Refusal by the idol makers to make idols which are not in consonance with the science behind the idol shows their committment to Righteousness (Dharma) and their dutifulness. If idol makers emphatically refuse to make such idols, such idols will not be made at all. It is now necessary that idol makers themselves take the initiative to eliminate the ignorance of the society and the Ganesh festival committees about the science behind the idol. They should not worry about losing customers and starvation because if we make a sacrifice for the sake of Righteousness then God will certainly take care of us. Sanatan launches a widespread campaign so that the idol makers understand the science behind the idol and make idols in accordance with it. Once this awareness is created in idol makers, it will not be long before people too realise it.
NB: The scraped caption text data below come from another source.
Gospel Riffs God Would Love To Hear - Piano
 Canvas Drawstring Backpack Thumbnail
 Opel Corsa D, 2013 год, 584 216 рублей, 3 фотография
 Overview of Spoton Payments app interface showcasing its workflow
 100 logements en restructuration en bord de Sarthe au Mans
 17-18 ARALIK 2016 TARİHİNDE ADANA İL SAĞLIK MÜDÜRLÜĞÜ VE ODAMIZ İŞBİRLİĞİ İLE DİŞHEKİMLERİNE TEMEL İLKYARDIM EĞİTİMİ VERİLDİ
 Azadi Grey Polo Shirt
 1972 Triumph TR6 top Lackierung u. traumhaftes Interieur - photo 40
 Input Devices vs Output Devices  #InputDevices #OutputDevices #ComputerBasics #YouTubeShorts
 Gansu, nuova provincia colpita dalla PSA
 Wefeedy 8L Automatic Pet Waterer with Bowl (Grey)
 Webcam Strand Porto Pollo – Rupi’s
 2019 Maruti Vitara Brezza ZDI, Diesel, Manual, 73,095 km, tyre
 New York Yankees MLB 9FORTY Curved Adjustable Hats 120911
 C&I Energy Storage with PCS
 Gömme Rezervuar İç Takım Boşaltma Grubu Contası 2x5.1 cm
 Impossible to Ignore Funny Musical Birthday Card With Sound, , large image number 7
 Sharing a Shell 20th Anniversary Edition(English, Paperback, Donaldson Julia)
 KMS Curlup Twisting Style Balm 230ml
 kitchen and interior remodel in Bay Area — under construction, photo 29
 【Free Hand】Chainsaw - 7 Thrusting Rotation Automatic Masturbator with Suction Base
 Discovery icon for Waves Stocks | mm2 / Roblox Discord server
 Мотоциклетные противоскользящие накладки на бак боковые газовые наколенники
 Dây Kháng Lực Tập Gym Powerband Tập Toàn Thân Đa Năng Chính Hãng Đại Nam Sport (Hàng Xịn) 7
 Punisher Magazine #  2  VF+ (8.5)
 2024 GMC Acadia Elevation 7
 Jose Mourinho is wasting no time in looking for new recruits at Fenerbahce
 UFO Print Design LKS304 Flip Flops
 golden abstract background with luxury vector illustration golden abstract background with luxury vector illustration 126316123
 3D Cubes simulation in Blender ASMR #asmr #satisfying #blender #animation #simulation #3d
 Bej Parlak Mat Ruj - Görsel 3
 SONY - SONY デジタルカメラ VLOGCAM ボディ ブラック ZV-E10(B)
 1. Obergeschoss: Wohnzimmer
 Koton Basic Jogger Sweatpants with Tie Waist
An idol made with natural colour looks more appealing and imparts more Bliss (Anand) than one made with artificial red colour.
According to the scriptures, prior to the commencement of making Ganesh idols, it is necessary to perform religious rituals such as ritualistic worship (puja), etc. It is vital that the idol maker observes all the religious restrictions in the idol making house when making the idol. The idol maker should observe restrictions such as abstaining from eating meat, not wearing foot wear, not allowing women having menses in the room where the idols are made, etc.
The idol maker should harbour the spiritual emotion (bhav) that it is not he who is making the idol rather it is The Lord Himself who is getting it done through him. He should repose faith that making idols is not a vocation but a holy mission. When an idol is made with this faith and with repeatition (chanting) of The Lord's Name along with observance of all the restrictions given above, it becomes more sattvik (sattva predominant).
'Since I made the idols considering it to be a holy mission, I always got all my promotions in service at the time of Ganesh Chaturthi itself. Although there are numerous obstacles yet by the time the idols of Shri Ganesh are to be made, they get resolved and by the grace of Shri Ganesh who eliminates obstacles, only auspicious events take place during this period.' – Mr. Tulshidas Naik, Madgaon, Goa
Many a time, scenes related to politics, the Kargil war, etc. are erected around the idol. Such raja–tama items erected merely for public entertainment and cheap popularity adversely affect the overall sattvik atmosphere there. If at all any scenes are to be displayed in front of or behind the idol of Shri Ganesh or other idols are to be kept there then they should be associated with Lord Ganapati. This helps to generate spiritual emotion (bhav) in the devotees.